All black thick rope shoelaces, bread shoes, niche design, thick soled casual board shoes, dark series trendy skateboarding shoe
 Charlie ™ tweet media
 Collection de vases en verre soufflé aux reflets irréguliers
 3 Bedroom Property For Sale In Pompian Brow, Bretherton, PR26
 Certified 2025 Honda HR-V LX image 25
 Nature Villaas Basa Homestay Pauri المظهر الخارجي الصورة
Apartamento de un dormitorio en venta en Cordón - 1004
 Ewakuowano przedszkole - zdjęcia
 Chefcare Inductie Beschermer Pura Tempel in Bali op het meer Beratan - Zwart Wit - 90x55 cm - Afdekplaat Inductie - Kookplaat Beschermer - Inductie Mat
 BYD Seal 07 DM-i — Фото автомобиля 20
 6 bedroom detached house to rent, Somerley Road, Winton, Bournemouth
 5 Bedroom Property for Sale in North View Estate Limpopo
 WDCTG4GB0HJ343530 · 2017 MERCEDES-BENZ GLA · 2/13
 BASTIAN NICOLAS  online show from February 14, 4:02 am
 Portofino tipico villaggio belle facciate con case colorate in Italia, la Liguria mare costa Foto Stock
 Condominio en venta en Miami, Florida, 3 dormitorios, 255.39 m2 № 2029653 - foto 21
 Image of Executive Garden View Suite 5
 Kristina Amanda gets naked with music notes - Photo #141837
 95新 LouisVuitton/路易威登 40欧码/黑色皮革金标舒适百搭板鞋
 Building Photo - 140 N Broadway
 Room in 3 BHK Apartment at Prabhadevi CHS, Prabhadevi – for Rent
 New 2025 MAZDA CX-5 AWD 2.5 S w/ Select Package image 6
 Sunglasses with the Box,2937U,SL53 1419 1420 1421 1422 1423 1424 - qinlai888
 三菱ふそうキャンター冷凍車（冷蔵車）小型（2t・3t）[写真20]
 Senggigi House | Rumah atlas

- [Exercise]
An exact repetition of the data above is all that is needed.

- [Answer section]
All black thick rope shoelaces, bread shoes, niche design, thick soled casual board shoes, dark series trendy skateboarding shoe
 Charlie ™ tweet media
 Collection de vases en verre soufflé aux reflets irréguliers
 3 Bedroom Property For Sale In Pompian Brow, Bretherton, PR26
 Certified 2025 Honda HR-V LX image 25
 Nature Villaas Basa Homestay Pauri المظهر الخارجي الصورة
Apartamento de un dormitorio en venta en Cordón - 1004
 Ewakuowano przedszkole - zdjęcia
 Chefcare Inductie Beschermer Pura Tempel in Bali op het meer Beratan - Zwart Wit - 90x55 cm - Afdekplaat Inductie - Kookplaat Beschermer - Inductie Mat
 BYD Seal 07 DM-i — Фото автомобиля 20
 6 bedroom detached house to rent, Somerley Road, Winton, Bournemouth
 5 Bedroom Property for Sale in North View Estate Limpopo
 WDCTG4GB0HJ343530 · 2017 MERCEDES-BENZ GLA · 2/13
 BASTIAN NICOLAS  online show from February 14, 4:02 am
 Portofino tipico villaggio belle facciate con case colorate in Italia, la Liguria mare costa Foto Stock
 Condominio en venta en Miami, Florida, 3 dormitorios, 255.39 m2 № 2029653 - foto 21
 Image of Executive Garden View Suite 5
 Kristina Amanda gets naked with music notes - Photo #141837
 95新 LouisVuitton/路易威登 40欧码/黑色皮革金标舒适百搭板鞋
 Building Photo - 140 N Broadway
 Room in 3 BHK Apartment at Prabhadevi CHS, Prabhadevi – for Rent
 New 2025 MAZDA CX-5 AWD 2.5 S w/ Select Package image 6
 Sunglasses with the Box,2937U,SL53 1419 1420 1421 1422 1423 1424 - qinlai888
 三菱ふそうキャンター冷凍車（冷蔵車）小型（2t・3t）[写真20]
 Senggigi House | Rumah atlas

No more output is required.